WHAT TO WORK ON: Write the records out again, keeping each line exactly as it is.

%%

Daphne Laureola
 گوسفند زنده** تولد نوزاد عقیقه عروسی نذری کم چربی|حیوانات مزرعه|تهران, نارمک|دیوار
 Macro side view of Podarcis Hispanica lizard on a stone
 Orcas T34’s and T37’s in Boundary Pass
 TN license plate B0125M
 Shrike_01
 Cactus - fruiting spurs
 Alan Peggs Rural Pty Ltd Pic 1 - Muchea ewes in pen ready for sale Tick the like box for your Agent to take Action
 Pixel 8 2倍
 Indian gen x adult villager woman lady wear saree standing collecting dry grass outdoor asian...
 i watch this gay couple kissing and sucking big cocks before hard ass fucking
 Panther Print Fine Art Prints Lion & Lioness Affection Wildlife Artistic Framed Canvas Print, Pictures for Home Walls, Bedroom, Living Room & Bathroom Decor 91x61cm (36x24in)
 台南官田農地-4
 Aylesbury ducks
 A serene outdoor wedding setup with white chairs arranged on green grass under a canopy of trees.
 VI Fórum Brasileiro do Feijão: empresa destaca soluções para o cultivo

%%

YOUR RESPONSE:
Daphne Laureola
 گوسفند زنده** تولد نوزاد عقیقه عروسی نذری کم چربی|حیوانات مزرعه|تهران, نارمک|دیوار
 Macro side view of Podarcis Hispanica lizard on a stone
 Orcas T34’s and T37’s in Boundary Pass
 TN license plate B0125M
 Shrike_01
 Cactus - fruiting spurs
 Alan Peggs Rural Pty Ltd Pic 1 - Muchea ewes in pen ready for sale Tick the like box for your Agent to take Action
 Pixel 8 2倍
 Indian gen x adult villager woman lady wear saree standing collecting dry grass outdoor asian...
 i watch this gay couple kissing and sucking big cocks before hard ass fucking
 Panther Print Fine Art Prints Lion & Lioness Affection Wildlife Artistic Framed Canvas Print, Pictures for Home Walls, Bedroom, Living Room & Bathroom Decor 91x61cm (36x24in)
 台南官田農地-4
 Aylesbury ducks
 A serene outdoor wedding setup with white chairs arranged on green grass under a canopy of trees.
 VI Fórum Brasileiro do Feijão: empresa destaca soluções para o cultivo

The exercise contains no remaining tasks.